Entries supplied ▸

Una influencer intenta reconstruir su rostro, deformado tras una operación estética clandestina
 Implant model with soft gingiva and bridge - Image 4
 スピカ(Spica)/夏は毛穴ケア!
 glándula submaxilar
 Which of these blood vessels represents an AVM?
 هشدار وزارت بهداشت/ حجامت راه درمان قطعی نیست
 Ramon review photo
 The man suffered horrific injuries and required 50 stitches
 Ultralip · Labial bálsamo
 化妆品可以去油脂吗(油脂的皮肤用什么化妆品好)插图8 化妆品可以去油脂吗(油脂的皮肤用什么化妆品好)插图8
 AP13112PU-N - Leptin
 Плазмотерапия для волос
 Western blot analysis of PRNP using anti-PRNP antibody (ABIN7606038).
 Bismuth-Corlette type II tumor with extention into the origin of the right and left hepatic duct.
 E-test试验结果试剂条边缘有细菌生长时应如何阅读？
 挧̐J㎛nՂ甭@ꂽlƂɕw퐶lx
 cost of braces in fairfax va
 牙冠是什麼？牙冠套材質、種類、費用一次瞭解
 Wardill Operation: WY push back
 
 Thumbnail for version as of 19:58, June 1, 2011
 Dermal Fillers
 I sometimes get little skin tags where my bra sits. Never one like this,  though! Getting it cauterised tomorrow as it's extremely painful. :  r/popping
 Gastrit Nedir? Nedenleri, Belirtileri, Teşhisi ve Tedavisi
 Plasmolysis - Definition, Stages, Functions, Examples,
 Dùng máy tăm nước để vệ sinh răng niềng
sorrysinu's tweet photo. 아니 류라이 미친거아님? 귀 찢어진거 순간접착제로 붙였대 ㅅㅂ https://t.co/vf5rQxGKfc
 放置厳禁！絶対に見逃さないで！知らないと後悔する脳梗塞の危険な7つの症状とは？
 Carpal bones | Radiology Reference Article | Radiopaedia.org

What is required ▸ A complete, exact repeat of the records is the required answer.

Output for this task ▸
Una influencer intenta reconstruir su rostro, deformado tras una operación estética clandestina
 Implant model with soft gingiva and bridge - Image 4
 スピカ(Spica)/夏は毛穴ケア!
 glándula submaxilar
 Which of these blood vessels represents an AVM?
 هشدار وزارت بهداشت/ حجامت راه درمان قطعی نیست
 Ramon review photo
 The man suffered horrific injuries and required 50 stitches
 Ultralip · Labial bálsamo
 化妆品可以去油脂吗(油脂的皮肤用什么化妆品好)插图8 化妆品可以去油脂吗(油脂的皮肤用什么化妆品好)插图8
 AP13112PU-N - Leptin
 Плазмотерапия для волос
 Western blot analysis of PRNP using anti-PRNP antibody (ABIN7606038).
 Bismuth-Corlette type II tumor with extention into the origin of the right and left hepatic duct.
 E-test试验结果试剂条边缘有细菌生长时应如何阅读？
 挧̐J㎛nՂ甭@ꂽlƂɕw퐶lx
 cost of braces in fairfax va
 牙冠是什麼？牙冠套材質、種類、費用一次瞭解
 Wardill Operation: WY push back
 
 Thumbnail for version as of 19:58, June 1, 2011
 Dermal Fillers
 I sometimes get little skin tags where my bra sits. Never one like this,  though! Getting it cauterised tomorrow as it's extremely painful. :  r/popping
 Gastrit Nedir? Nedenleri, Belirtileri, Teşhisi ve Tedavisi
 Plasmolysis - Definition, Stages, Functions, Examples,
 Dùng máy tăm nước để vệ sinh răng niềng
sorrysinu's tweet photo. 아니 류라이 미친거아님? 귀 찢어진거 순간접착제로 붙였대 ㅅㅂ https://t.co/vf5rQxGKfc
 放置厳禁！絶対に見逃さないで！知らないと後悔する脳梗塞の危険な7つの症状とは？
 Carpal bones | Radiology Reference Article | Radiopaedia.org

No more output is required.